A lot of platforms can check the box on basic features. What you want to understand is how deep the functionality goes — because the difference between a checkbox and a real capability becomes very clear six months after launch. Explore the full Axero platform to see what deep functionality actually looks like.

Dynamic Workspaces

Workspaces are dedicated digital areas that centralize messages, people, and files for a specific team or project. Your sales team needs a space for competitive intelligence. Your leadership team needs a private space for confidential discussions. A digital workplace should give every team a real hub — not a static folder with links in it.

Intelligent Knowledge Management and AI Search

Disorganized shared drives are one of the most consistent productivity killers in any organization, regardless of industry or size. A strong knowledge management system combines version-controlled wikis and knowledge bases, document repositories, and intelligent search that works across your entire intranet — not just page titles.

AI search and intelligent knowledge discovery should surface results across integrated tools instantly. The goal is to make your intranet the internal Google for your organization — so employees stop asking each other where things are and start finding them.

Frictionless Content Publishing

Internal Comms teams need to be able to build and publish pages without IT involvement. Look for drag-and-drop page builders, support for embedded video and rich layouts, content expiration dates to prevent knowledge graveyards, and automated approval workflows. If your Comms team needs a developer to update the homepage, they’ll stop trying to keep it current.

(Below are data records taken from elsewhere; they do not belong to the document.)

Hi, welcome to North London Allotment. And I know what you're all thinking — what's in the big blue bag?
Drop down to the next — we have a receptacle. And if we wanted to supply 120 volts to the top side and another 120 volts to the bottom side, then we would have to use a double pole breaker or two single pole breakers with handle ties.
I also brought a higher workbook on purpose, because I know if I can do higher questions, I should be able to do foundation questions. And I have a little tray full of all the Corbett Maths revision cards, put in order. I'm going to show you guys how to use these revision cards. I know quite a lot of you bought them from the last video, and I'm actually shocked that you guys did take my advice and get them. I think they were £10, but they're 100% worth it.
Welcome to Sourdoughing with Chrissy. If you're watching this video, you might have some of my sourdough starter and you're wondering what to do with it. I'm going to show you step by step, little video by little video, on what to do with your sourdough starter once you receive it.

Employee Directory and Org Chart

Remote and distributed teams especially depend on a well-designed employee directory. Modern profiles should go beyond job titles — skills, interests, reporting structures, and team context all help people understand who does what and how to work together. An org chart that’s actually maintained makes a measurable difference in how connected your workforce feels.

Employee Recognition and Engagement Tools

Badges, kudos, recognition challenges, polls, and surveys aren’t nice-to-haves — they’re how employee engagement shows up in a digital workplace. Recognition tools that let team members publicly highlight good work reinforce the behaviors you want and give employees a reason to engage with the platform beyond just finding documents. This is ultimately how a strong workplace culture takes root digitally.

Collaboration Tools

For large or remote workforces, the ability to collaborate online in real time is how work actually gets done. Your intranet software should integrate with Google Workspace or Microsoft 365 so team members can access and co-edit files without leaving the platform. The less switching, the more the intranet becomes the place people actually work.

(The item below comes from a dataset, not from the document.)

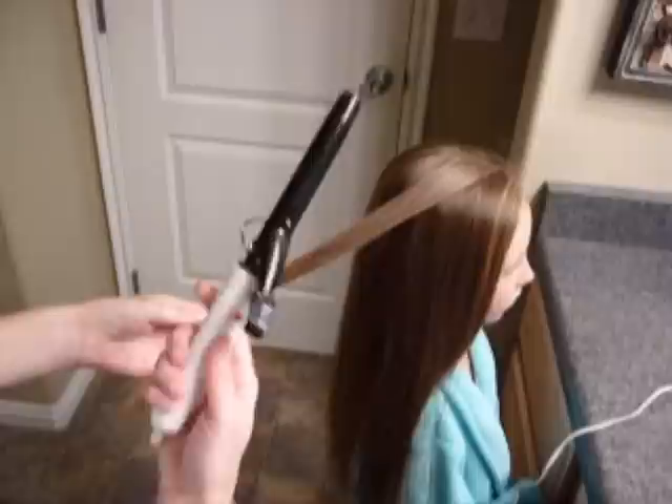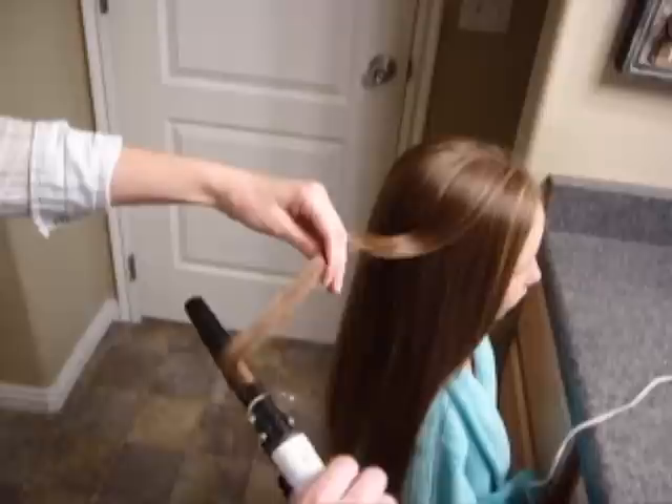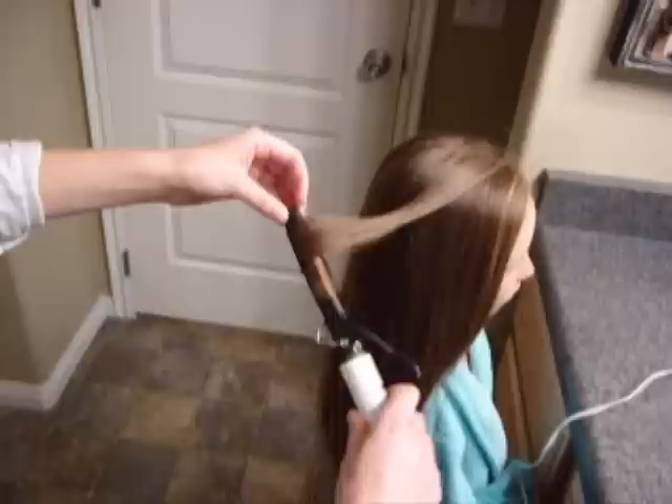You just stick it on her hair and wind it up as far as you can go. The problem with longer hair is that you get to the end of the curling iron and not all of it is going to be curled, but I'll show you what we do with that.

Mobile App and Frontline Access

For organizations with frontline, deskless, or distributed workers, the mobile intranet app experience isn’t a secondary consideration — it’s the primary one. What you’re looking for is a fully featured native app on iOS and Android, with push notifications, offline access to key documents, and the ability to receive and acknowledge announcements without being at a desk. Ask whether the app can be white-labeled to match your brand, and whether frontline workers can access it without a corporate email address.

Analytics and Adoption Measurement

If you can’t measure it, you can’t improve it — and “number of logins” doesn’t tell you whether your CEO’s all-hands update was actually read. The right intranet software makes adoption measurement a built-in capability. Look for analytics that go to the content level: who read what, when, on which device, and whether they engaged. For Internal Comms, you want confirmation tracking on critical announcements. For IT and leadership, you want adoption dashboards that show which spaces are active, which are stale, and where employees are dropping off. Ask vendors whether analytics are included in the base platform or sold as an add-on — it varies more than you’d expect.

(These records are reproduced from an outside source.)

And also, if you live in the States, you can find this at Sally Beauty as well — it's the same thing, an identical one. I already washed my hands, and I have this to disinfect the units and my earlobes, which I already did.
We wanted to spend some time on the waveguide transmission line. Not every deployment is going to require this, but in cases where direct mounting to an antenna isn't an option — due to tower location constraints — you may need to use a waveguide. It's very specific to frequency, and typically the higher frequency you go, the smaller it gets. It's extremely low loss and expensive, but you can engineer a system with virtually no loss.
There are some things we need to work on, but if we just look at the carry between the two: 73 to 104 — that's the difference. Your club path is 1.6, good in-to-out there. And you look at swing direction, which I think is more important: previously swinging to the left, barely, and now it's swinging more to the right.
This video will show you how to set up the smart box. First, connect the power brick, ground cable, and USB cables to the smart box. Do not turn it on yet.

Security, Governance, Integrations, and Implementation Considerations

Feature comparisons only take you so far. These considerations often determine whether a platform succeeds or stalls after launch.

Flexibility and scalability. The platform needs to grow with you — new teams, new integrations, more users — without performance degrading or requiring a new implementation every few years.

Customization and branding. Your intranet should look and feel like your company, not like generic enterprise software. Look for control over design, layout, and functionality that reflects your brand identity — without requiring developer involvement for every change.

User experience and adoption. The most capable platform in the world doesn’t work if employees don’t use it. Intuitive navigation, personalized content, and a fast mobile intranet experience drive daily adoption in ways that top-down mandates never will.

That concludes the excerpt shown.